Scale-Invariant Monocular Depth Estimation via SSI Depth
S. Mahdi H. Miangoleh, Mahesh Reddy, Yağız Aksoy
TL;DR
This work tackles scale-invariant monocular depth estimation by introducing a two-stage pipeline that leverages scale-and-shift-invariant (SSI) depth as input to a scale-invariant (SI) network. A high-resolution SSI depth module produces two inputs, O^L and O^H, enabling detailed geometric reconstruction when combined with a synthetic-training regime and a novel sparse ordinal loss to sharpen depth discontinuities. Key contributions include a high-resolution SSI depth estimator, a compatible sparse ordinal loss, and a training recipe that stabilizes scale using the SSI input, achieving strong zero-shot performance on unseen in-the-wild data and enabling highly detailed 3D scene reconstructions for computational photography. The approach demonstrates that SSI inputs simplify the SI task sufficiently to generalize from synthetic data to real-world scenes, substantially advancing the practicality of SI depth maps for high-fidelity 3D rendering and editing.
Abstract
Existing methods for scale-invariant monocular depth estimation (SI MDE) often struggle due to the complexity of the task, and limited and non-diverse datasets, hindering generalizability in real-world scenarios.
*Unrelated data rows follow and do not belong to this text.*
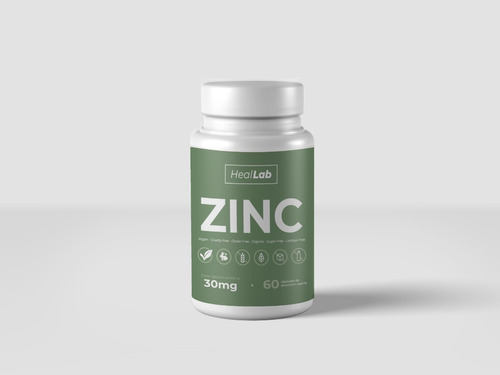 Zinc Organico Puro 30  Mg 60 Capsulas 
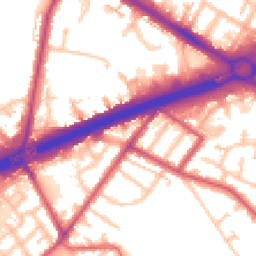 Daytime road noise heatmap for TW13 6QU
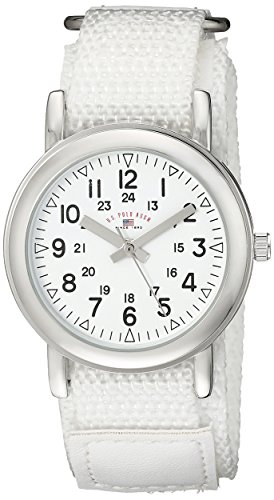 U.S. Polo Assn. Kids' USB75019 Analog Display Analog Quartz White Watch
This is while shift-and-scale-invariant (SSI) depth estimation, simplifying the task and enabling training with abundant stereo datasets achieves high performance. We present a novel approach that leverages SSI inputs to enhance SI depth estimation, streamlining the network's role and facilitating in-the-wild generalization for SI depth estimation while only using a synthetic dataset for training. Emphasizing the generation of high-resolution details, we introduce a novel sparse ordinal loss that substantially improves detail generation in SSI MDE, addressing critical limitations in existing approaches. Through in-the-wild qualitative examples and zero-shot evaluation we substantiate the practical utility of our approach in computational photography applications, showcasing its ability to generate highly detailed SI depth maps and achieve generalization in diverse scenarios.